> THE TASK: Write each line again exactly as it is, from the opening line of the records below through the one containing "Рычаг открывания лючка бензобака с тросиком", and add nothing.

> EXERCISE DATA:
* * * *

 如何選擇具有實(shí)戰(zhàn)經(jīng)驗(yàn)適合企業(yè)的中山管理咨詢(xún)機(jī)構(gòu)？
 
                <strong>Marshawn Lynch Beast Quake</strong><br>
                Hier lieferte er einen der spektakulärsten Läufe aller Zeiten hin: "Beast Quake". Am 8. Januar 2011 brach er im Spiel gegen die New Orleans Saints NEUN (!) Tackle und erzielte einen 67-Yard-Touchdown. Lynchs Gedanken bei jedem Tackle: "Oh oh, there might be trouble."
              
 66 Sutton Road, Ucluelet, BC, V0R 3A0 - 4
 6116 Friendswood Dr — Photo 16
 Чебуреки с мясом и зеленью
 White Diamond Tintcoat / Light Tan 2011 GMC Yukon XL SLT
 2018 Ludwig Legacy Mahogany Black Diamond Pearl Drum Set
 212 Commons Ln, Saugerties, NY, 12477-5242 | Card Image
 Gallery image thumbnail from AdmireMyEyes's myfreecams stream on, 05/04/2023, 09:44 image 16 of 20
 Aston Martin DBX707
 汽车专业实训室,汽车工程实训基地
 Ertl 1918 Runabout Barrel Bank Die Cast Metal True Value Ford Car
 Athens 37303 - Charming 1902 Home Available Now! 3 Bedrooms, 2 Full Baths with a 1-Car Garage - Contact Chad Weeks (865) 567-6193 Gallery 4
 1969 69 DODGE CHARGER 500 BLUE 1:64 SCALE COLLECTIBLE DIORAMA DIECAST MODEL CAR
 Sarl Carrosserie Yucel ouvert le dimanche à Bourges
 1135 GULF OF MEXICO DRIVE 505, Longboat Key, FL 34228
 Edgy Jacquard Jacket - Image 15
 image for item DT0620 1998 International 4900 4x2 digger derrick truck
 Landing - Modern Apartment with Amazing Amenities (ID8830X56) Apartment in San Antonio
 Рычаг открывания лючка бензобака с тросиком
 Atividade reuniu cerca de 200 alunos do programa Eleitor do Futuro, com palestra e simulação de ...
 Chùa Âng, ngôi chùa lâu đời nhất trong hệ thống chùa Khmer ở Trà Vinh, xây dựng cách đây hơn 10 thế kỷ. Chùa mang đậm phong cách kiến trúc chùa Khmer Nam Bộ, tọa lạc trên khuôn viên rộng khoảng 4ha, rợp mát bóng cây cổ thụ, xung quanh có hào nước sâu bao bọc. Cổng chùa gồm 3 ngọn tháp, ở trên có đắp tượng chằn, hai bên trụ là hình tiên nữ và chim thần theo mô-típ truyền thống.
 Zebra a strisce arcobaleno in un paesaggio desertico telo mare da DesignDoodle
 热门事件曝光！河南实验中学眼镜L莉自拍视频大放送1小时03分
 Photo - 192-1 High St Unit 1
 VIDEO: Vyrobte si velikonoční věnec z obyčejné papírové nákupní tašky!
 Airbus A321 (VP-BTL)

* * * *

> ANSWER SPACE:
 如何選擇具有實(shí)戰(zhàn)經(jīng)驗(yàn)適合企業(yè)的中山管理咨詢(xún)機(jī)構(gòu)？
 
                <strong>Marshawn Lynch Beast Quake</strong><br>
                Hier lieferte er einen der spektakulärsten Läufe aller Zeiten hin: "Beast Quake". Am 8. Januar 2011 brach er im Spiel gegen die New Orleans Saints NEUN (!) Tackle und erzielte einen 67-Yard-Touchdown. Lynchs Gedanken bei jedem Tackle: "Oh oh, there might be trouble."
              
 66 Sutton Road, Ucluelet, BC, V0R 3A0 - 4
 6116 Friendswood Dr — Photo 16
 Чебуреки с мясом и зеленью
 White Diamond Tintcoat / Light Tan 2011 GMC Yukon XL SLT
 2018 Ludwig Legacy Mahogany Black Diamond Pearl Drum Set
 212 Commons Ln, Saugerties, NY, 12477-5242 | Card Image
 Gallery image thumbnail from AdmireMyEyes's myfreecams stream on, 05/04/2023, 09:44 image 16 of 20
 Aston Martin DBX707
 汽车专业实训室,汽车工程实训基地
 Ertl 1918 Runabout Barrel Bank Die Cast Metal True Value Ford Car
 Athens 37303 - Charming 1902 Home Available Now! 3 Bedrooms, 2 Full Baths with a 1-Car Garage - Contact Chad Weeks (865) 567-6193 Gallery 4
 1969 69 DODGE CHARGER 500 BLUE 1:64 SCALE COLLECTIBLE DIORAMA DIECAST MODEL CAR
 Sarl Carrosserie Yucel ouvert le dimanche à Bourges
 1135 GULF OF MEXICO DRIVE 505, Longboat Key, FL 34228
 Edgy Jacquard Jacket - Image 15
 image for item DT0620 1998 International 4900 4x2 digger derrick truck
 Landing - Modern Apartment with Amazing Amenities (ID8830X56) Apartment in San Antonio
 Рычаг открывания лючка бензобака с тросиком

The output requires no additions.